This was a 6-month randomized controlled trial. Subjects were assigned to 1) the vitamin D supplement + low-fat milk (MKD) group (n = 10, age 16.3 ± 0.5 years) or 2) the control (CON) group (n = 10, age 16.3 ± 0.6 years) that received no intervention. Before and after the 6-month trial period, we measured the participants’ BMD, fat mass, and fat-free mass (FFM) using dual-energy X-ray absorptiometry (DXA). In addition, at baseline, after 3 months, and after 6 months, we performed blood sampling and administered questionnaires (assessment of menses and running distance). The study protocol was approved by the Ethics Committee for Human Experiments at Ritsumeikan University and was conducted in accordance with the Declaration of Helsinki. All subjects and legal guardians of subjects provided informed consent for participation in this study.

The study group participants consumed 1,000 IU of vitamin D (Nature Made, Super D, Otsuka Pharmaceutical Co., Ltd, Japan; 0.96 kcal energy, 0 - 0.1 g protein, 0 - 0.1 g fat, 0.231 g carbohydrates, 1,000 IU vitamin D, and 0 - 2 mg sodium/pill) and 200 mL of low-fat milk (SAVAS MILK PROTEIN, Meiji Co., Ltd; 107 kcal energy, 10.0 g protein, 3.2 g fat, 9.6 g carbohydrates, 0.22 g table salt equivalent, 315 mg calcium, and 0.65 mg vitamin B₆). Vitamin D supplementation was taken 1 pill a day after dinner. The low-fat milk (200 mL) was consumed at the club on the practice day prior to exercise (up to 1 h before), and on days off, the milk was consumed during free time.
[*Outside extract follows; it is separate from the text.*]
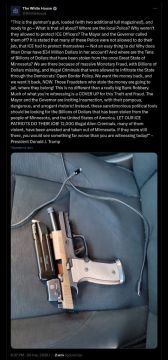 Трамп поддержал офицеров миграционной службы (ICE), которые застрелили очередного человека в ходе столкновений в Миннеаполисе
The status of menses (age of menarche, frequency of menses (times/year), and menstrual cycle) was assessed using a questionnaire. In a 3-day diet record using a food weighing method, daily energy and nutrient intake were assessed at baseline.

Blood samples were collected from a vein in the cubital fossa at rest in a fasting state (8:00 - 10:00 am). Blood samples were centrifuged at 3,000 rpm at 4 °C for 10 min, and separated serum samples were frozen and stored at -20 °C until analysis. The levels of 25(OH)D (25-OH Vitamin D Xpress ELISA Kit), TNF-α (Quantikine^® ELISA, R&D systems), and type I collagen cross-linked C-telopeptides (CTX; FRELISA^®β CrossLaps^®-N, Fujirebio Inc.) were measured using an enzyme-linked immunoassay (ELISA). The intra- and inter-assay CV values were 4.9-9.4% and 7.4-8.8% for 25(OH)D, 3.1-8.7% and 7.2-10.4% for TNF-α, and 4.6-6.1% and 2.1-5.3% for CTX, respectively. PTH and bone alkaline phosphatase (BAP) levels were measured using an electrochemiluminescence immunoassay (ECLIA) (Medic, Inc., Japan). Intra- and inter-assay CV values were within 15%.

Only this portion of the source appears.